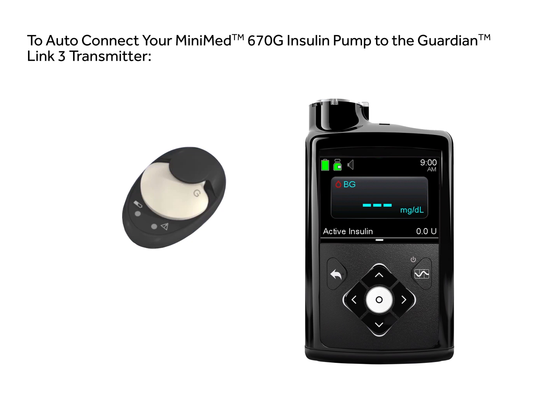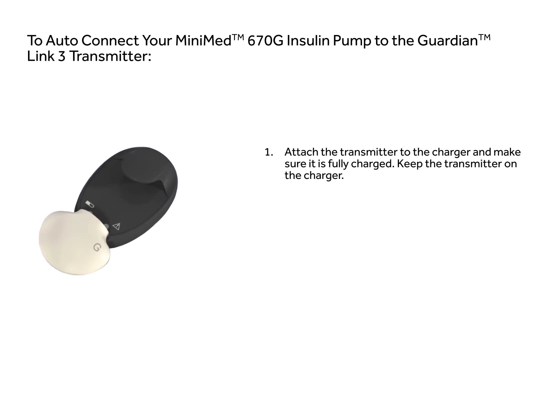This video will show you how to automatically connect your MiniMed 670G insulin pump to a Guardian Link 3 transmitter. Attach the Guardian Link 3 transmitter to the charger and make sure the transmitter is fully charged. Keep the transmitter on the charger.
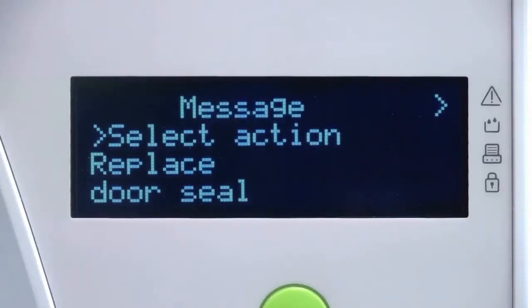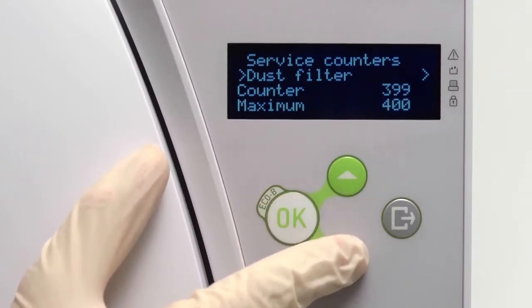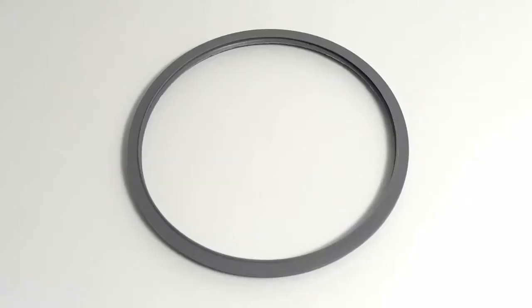Your Lina steriliser will automatically prompt you when the life of the door seal has expired and needs to be replaced. Alternatively, you may view the number of cycles completed by the door seal from within the service counters screen of the menu. There are no special tools required to complete a door seal change. This can be carried out by the operator.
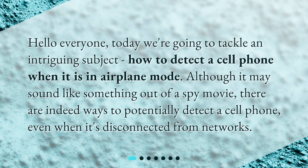Hello everyone. Today we're going to tackle an intriguing subject: how to detect a cell phone when it is in airplane mode. Although it may sound like something out of a spy movie, there are indeed ways to potentially detect a cell phone, even when it's disconnected from networks.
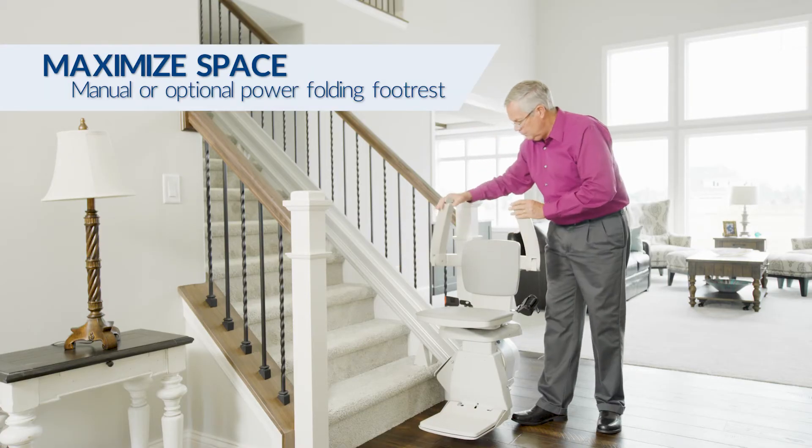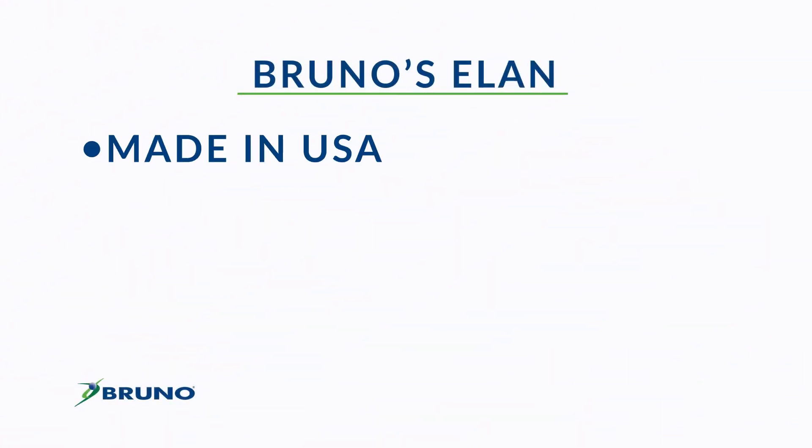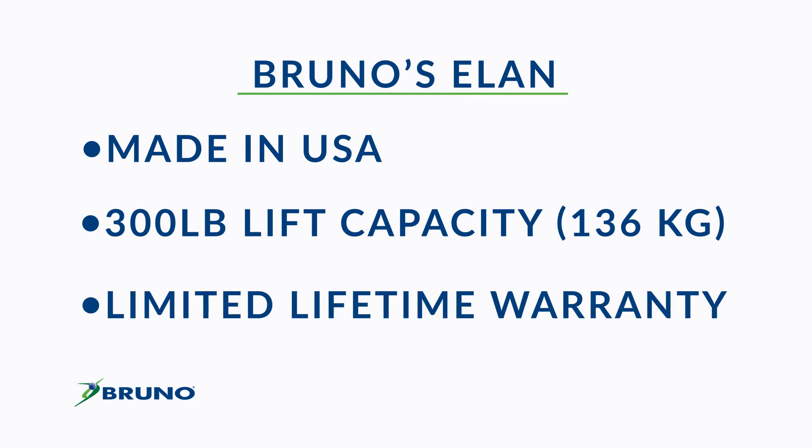When not in use, the Bruno Elan folds into an ultra compact profile. The Bruno Elan offers made in USA quality, a 300 pound lift capacity, and a limited lifetime warranty.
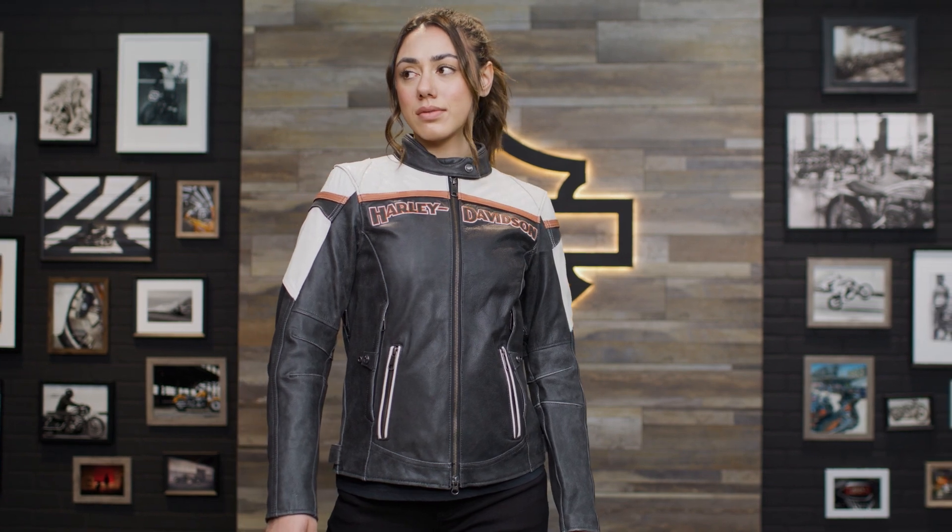What's up everyone, I'm Jessi and this is Angie, and we're here at the Harley-Davidson Studio. Today, we're going to be showing you the Triple Vent System Miss Enthusiast II Leather Jacket.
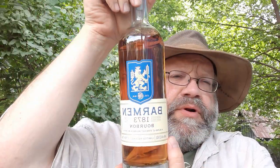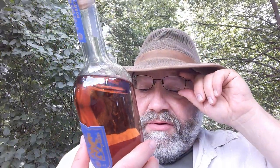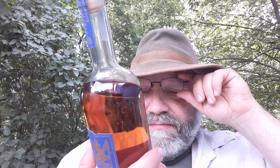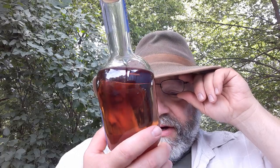Hello YouTube, this is an alcohol review. Barman 1873 Bourbon, a blend of straight bourbon whiskey, limited release. The label reads 92 proof, 46% alcohol by volume, 750ml bottle. On the label: 'Honored heritage, inspiring legacy.' Distilled from grain and malt, Bardstown, Kentucky, Coors Whiskey Company — five generations. Interesting.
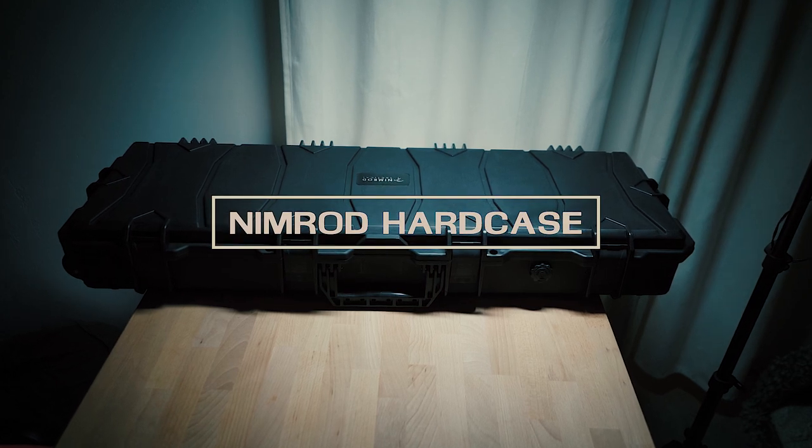Here Nimrod Tactical stepped in and is now offering an affordable hard case that is not only really functional and customizable with a really hard shell, but you can also fly with this. So let's talk about the Nimrod Tactical hard cases. First of all they come in two different sizes. This one is the 100 centimeter one — it's already kind of big and this is perfect for SMGs or for one AEG and your backup way more compact.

[Exercise directions]
Please write out, word for word, each line from the one with "Hello YouTube, this" to the last line of the data, keeping both ends and omitting pictures.

[Solved exercise]
Hello YouTube, this is an alcohol review. Barman 1873 Bourbon, a blend of straight bourbon whiskey, limited release. The label reads 92 proof, 46% alcohol by volume, 750ml bottle. On the label: 'Honored heritage, inspiring legacy.' Distilled from grain and malt, Bardstown, Kentucky, Coors Whiskey Company — five generations. Interesting.
Here Nimrod Tactical stepped in and is now offering an affordable hard case that is not only really functional and customizable with a really hard shell, but you can also fly with this. So let's talk about the Nimrod Tactical hard cases. First of all they come in two different sizes. This one is the 100 centimeter one — it's already kind of big and this is perfect for SMGs or for one AEG and your backup way more compact.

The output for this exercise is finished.